Editorial: Upton doesn’t give Colbert much raw material to spoof

Published 9:12 am Monday, November 22, 2010

When our congressman, U.S. Rep. Fred Upton, was in our office before the election, we asked if The Colbert Report ever tried to profile the Sixth District.

Upton claimed not to know and, if invited, said he would decline.

But now that the veteran St. Joseph Republican is seeking the chairmanship of the Energy and Commerce Committee, comedian Stephen Colbert did a bit Wednesday night.

To Upton’s credit, there was very little in the way of outlandish rhetoric for the nimble satirist to exploit for laughs.

In fact, Colbert dismissed Upton as a “poser” to mine the red meat remarks of Joe Barton of Texas and John Shimkus of Illinois.

House control changing hands “means more than just the Democrats giving the Republicans the keys and explaining which remote works the TV and which shuts down the government,” Colbert said. “It means all the House committees get new Republican chairmen. I cannot wait. It will be like Christmas morning, except every present is an old white guy.”

As part of his “Chair Apparent” segment, Colbert predicted the chairmanship will “come down to a slugfest between two great conservatives. Barton looks strong to me. He’s the House’s leading expert on energy, by which I mean the guy who gets the most cash ($1.4 million) from the oil industry. That kind of expertise led Barton to stand up to British Petroleum on his own two knees.”

Colbert played Barton’s “shakedown” of a private corporation soundbite from June, when BP crude was gushing into the Gulf of Mexico.

“Listen to (Barton’s March 10) analysis of this so-called renewable source,” Colbert said. “Wind is God’s way of balancing heat. Wind is the way you shift heat from areas where it’s hotter to areas where it’s cooler. That’s what wind is. Wouldn’t it be ironic if, in the interest of global warming, we mandated massive switches to energy which is a finite resource which slows the winds down and causes temperatures to go up. Folks, he’s right, wind turbines will make the wind slow down. It’s just like you when you put your hand out the car window, the car stops. That’s called science, and science is something Barton understands well because he baffled Nobel Prize-winning Energy Secretary Steven Chu” by asking April 22, 2009, “How did all the oil and gas get to Alaska and under the Arctic Ocean.”

Chu’s response revolved around plates “drifting around throughout the geological ages.”

“So it drifted up there?” Barton said.

Colbert pounced. “As if the continents were rafts of rock floating on a molten core, which also explains all volcanic activity and earthquakes. Isn’t the simpler explanation that during the missing 18 years of Jesus’ life that aren’t in the Bible, he went up to Alaska and gave it a delicious fudgy center? Clearly, Joe Barton would be the perfect man for the job were it not for John Shimkus. We don’t need to worry about global warming because God promised Noah He wouldn’t flood the world again, and if a guy stuck on a boat with thousands of animals didn’t complain about methane emissions, why should we?”

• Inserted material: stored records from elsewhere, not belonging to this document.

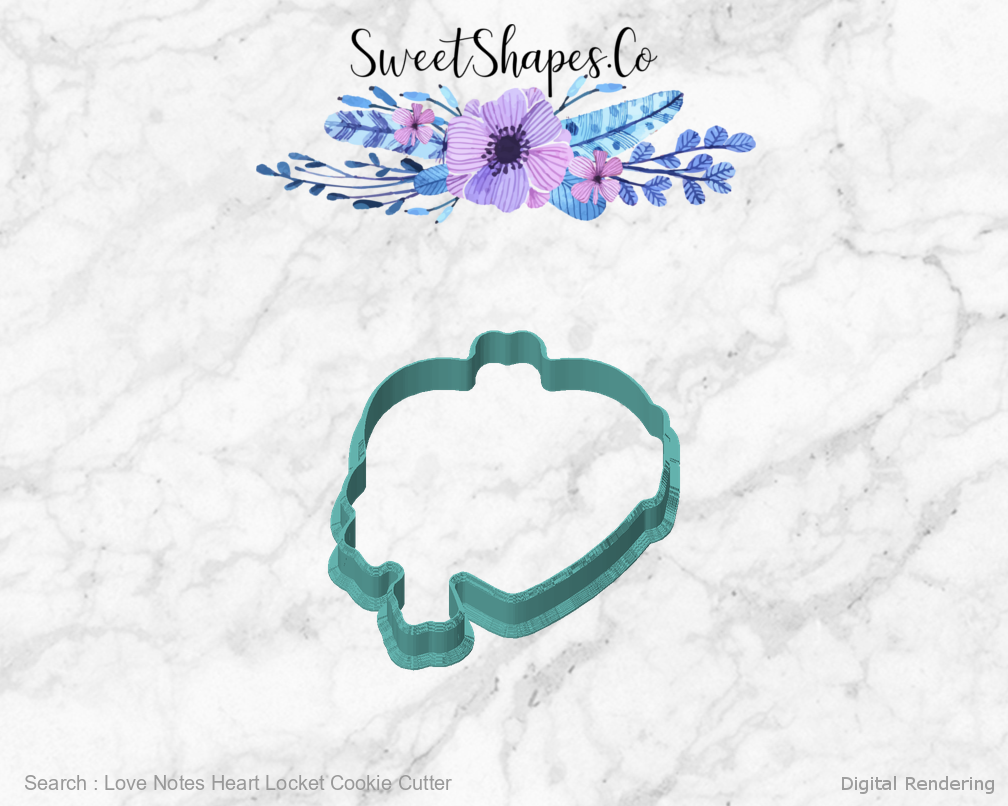 Love Notes Heart Locket Cookie Cutter — front view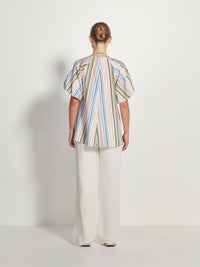 Mia Top (Candy Stripe Organic Cotton) Pastel Stripe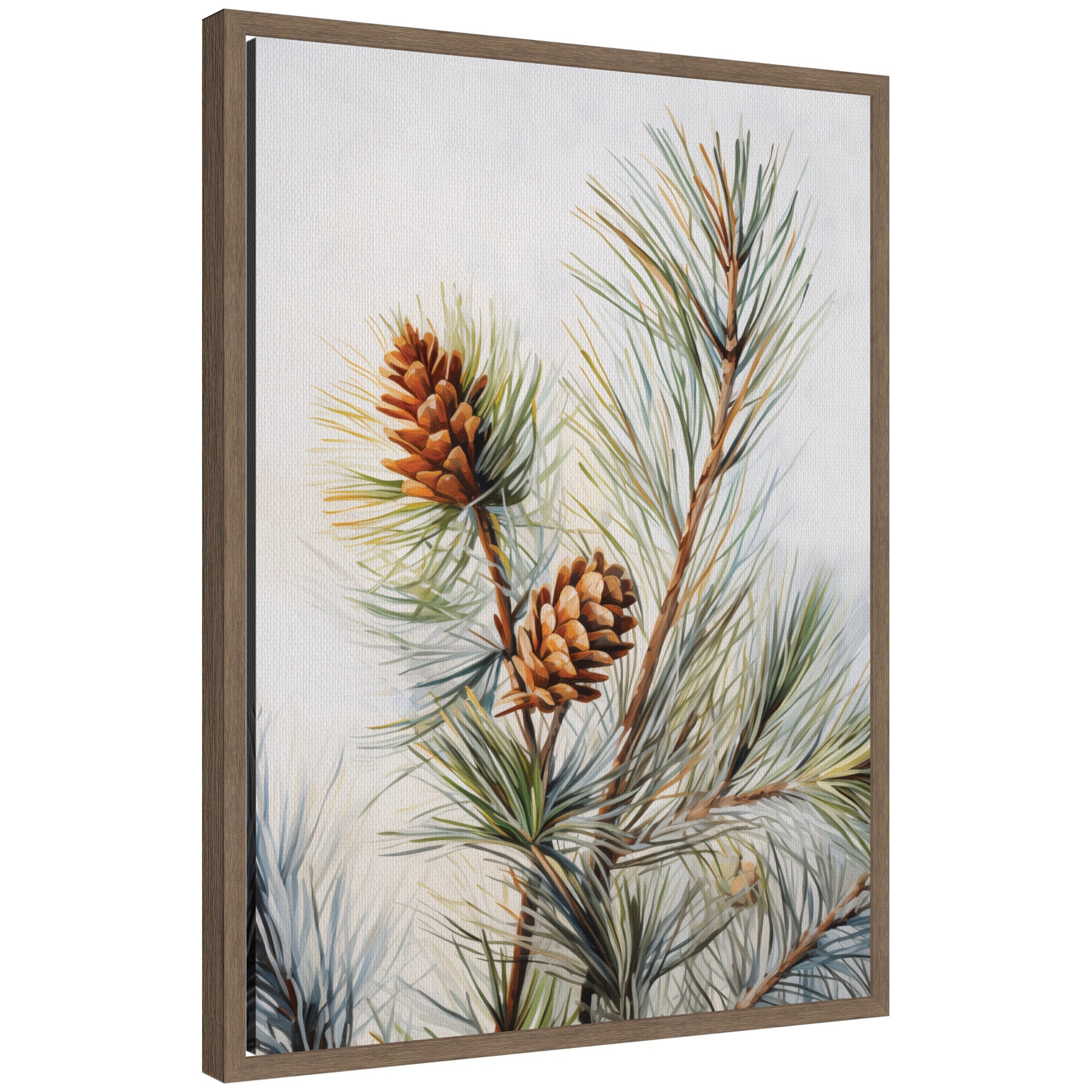 Framed canvas art showing detailed pine branches with cones by The Creative Bunch Studio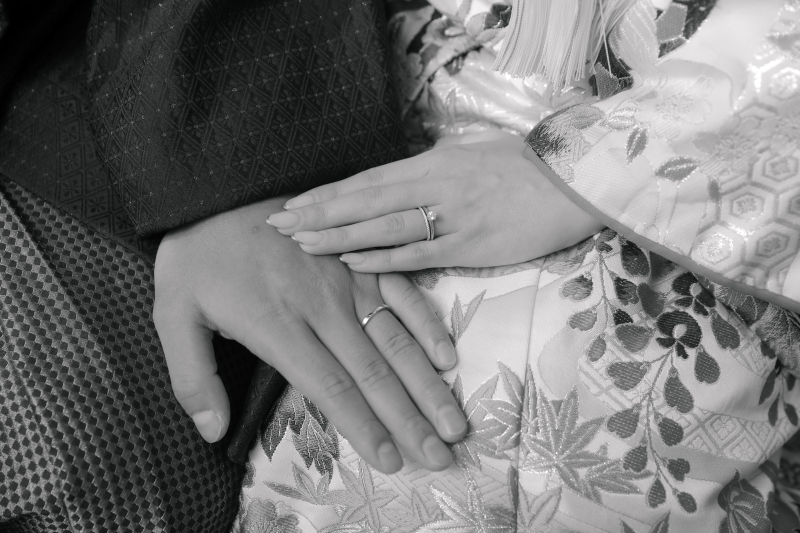 お二人の大切な結婚指輪のお写真も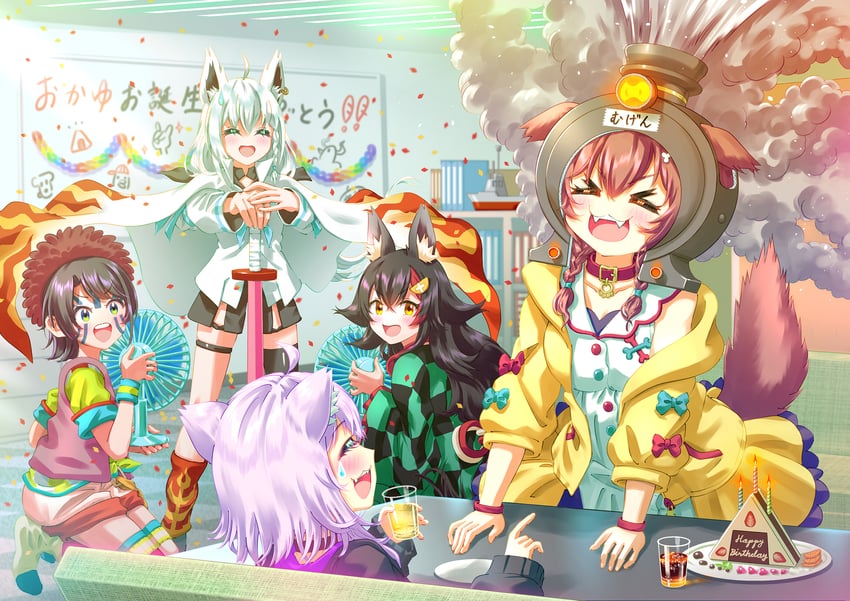 shirakami fubuki, nekomata okayu, ookami mio, oozora subaru, inugami korone, and 1 more (hololive and 1 more) drawn by aomarukazumi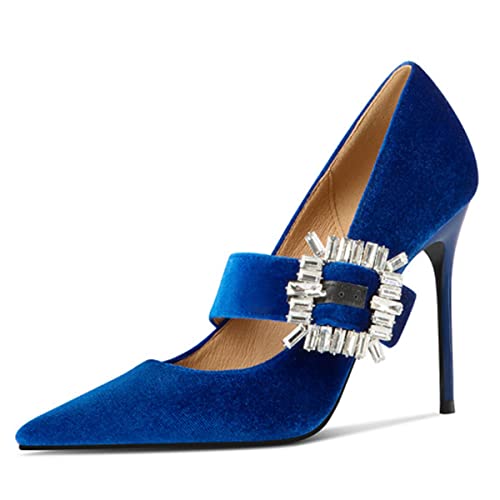 FSJ Women Graceful Pointed Toe High Heel Pumps Velvet Slip On Shining Rhinestones Stiletto Bridal Wedding Banquet Shoes Size 4-15 US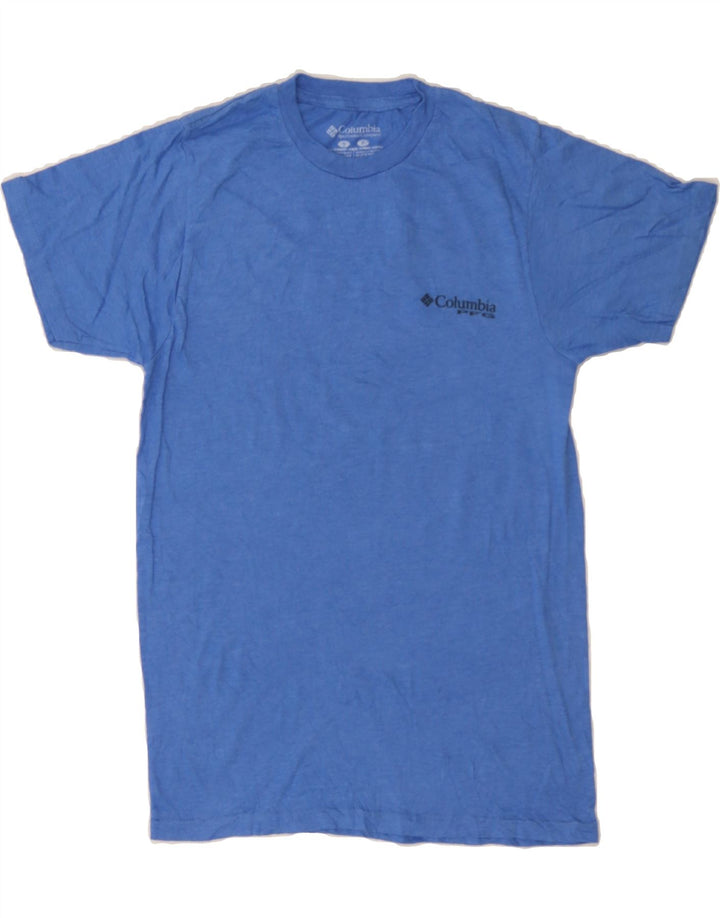 COLUMBIA Mens Graphic T-Shirt Top Small Blue Cotton Vintage Columbia and Second-Hand Columbia from Messina Hembry 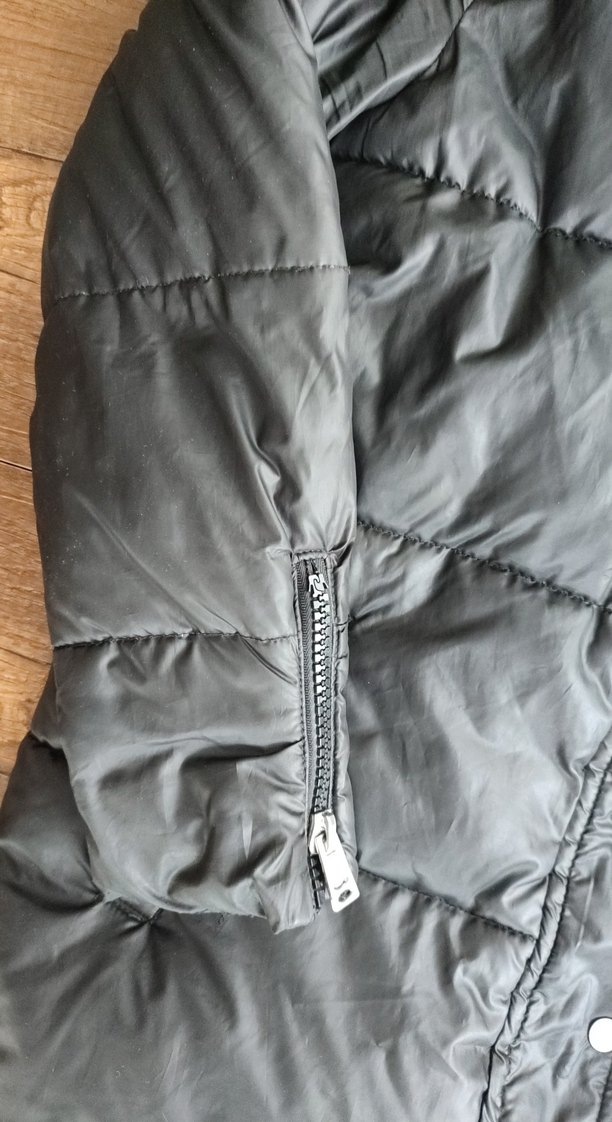 Fermuar ve çıt çıt düğmeli siyah Kadın Kışlık Mont Outlet ürünü - Görsel 4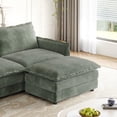 thumbnail image 2 of Corduroy Fabric 4-Seater Comfy Cloud Couch with 2 Movable Footrest for Living Room,Oversized Deep Seat U-Shaped Couch Set, Upholstered Large Size Deep Seat Sofa with 4 Cushions (Green), 2 of 11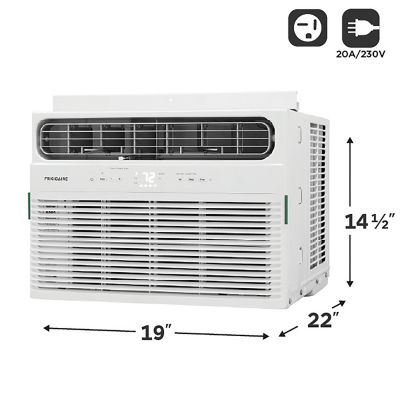 Image showing 1 th Frigidaire 12,000 BTU (DOE) 115V Window Air Conditioner Cools 550 sq. ft. with Supplemental Heat and Wi-Fi Enabled in White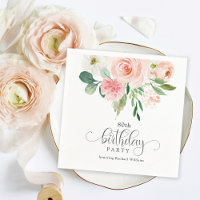 Blush Pink Feminine Floral 80th Birthday Party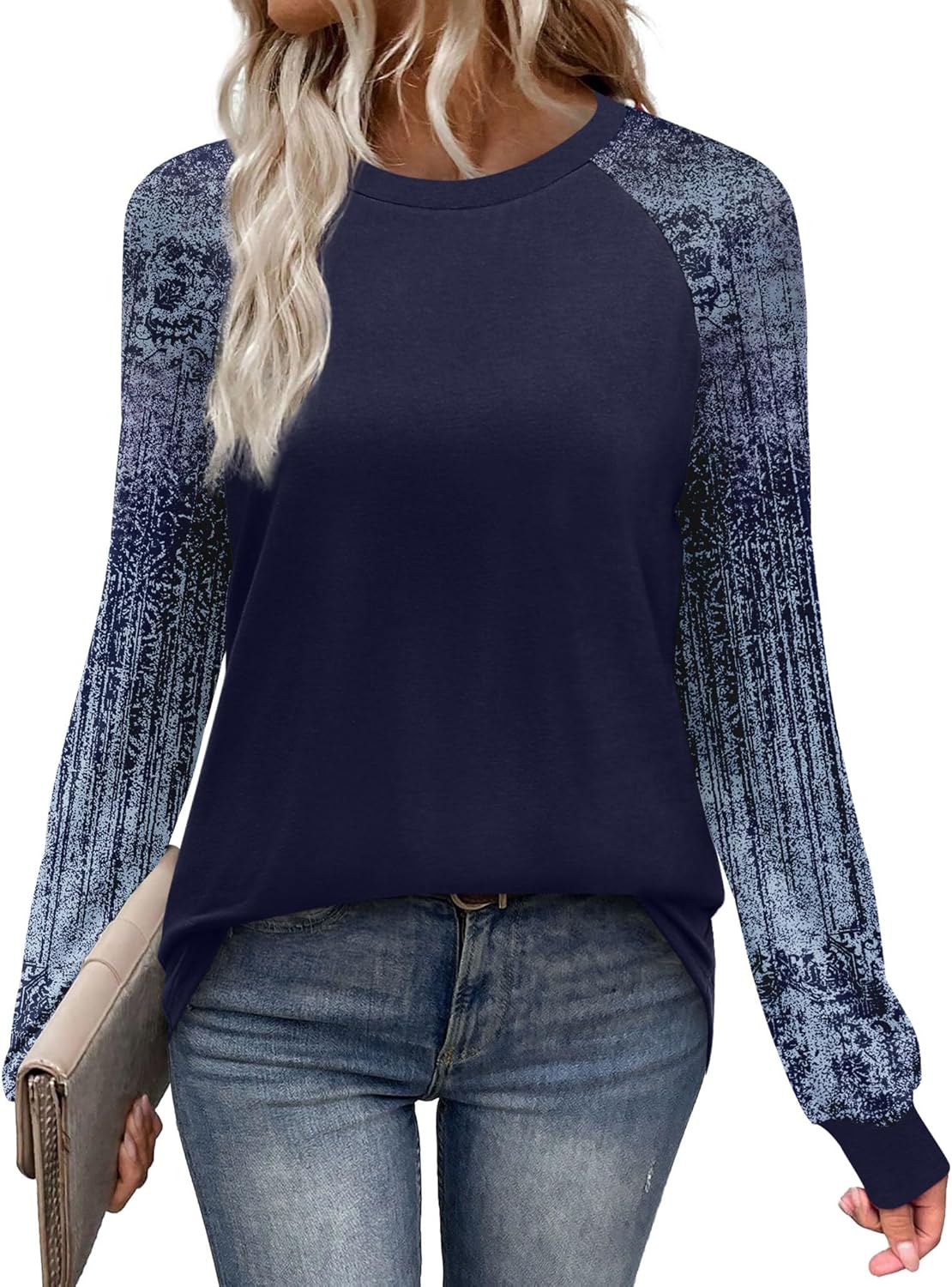 WIHOLL Long Sleeve Shirts for Women Color Block Raglan Tops Casual Crewneck Basic Tees Fall Clothes 2025 Fashion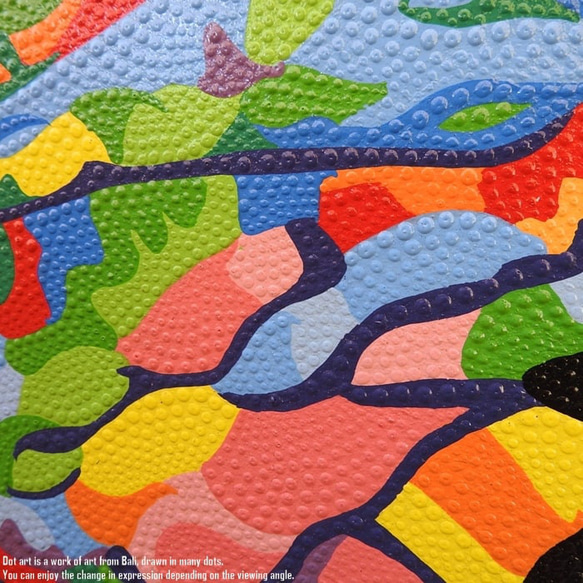 ドットアート 90cm × 70cm トカゲ モダンアート アジアンアート 爬虫類 とかげ 手描き 絵画 アートパネル 5枚目の画像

Colbert concludes, “Mankind cannot destroy the earth. The Book of Revelations lays out exactly what will happen when the earth ends, and it never mentions environmental disaster, it just says the trees and grass will burn, a third of the creatures in the sea will die, the waters will turn bitter and smoke will rise from the abyss like smoke from a gigantic furnace darkening the sun. Nothing about cap and trade in there.

“That’s why Rep. Shimkus is getting the Colbert bump. You’re going to be in charge. And when you do get your chairmanship, please invite me to all of your hearings because I’d love to testify again.”

In other words, Upton escaped unscathed.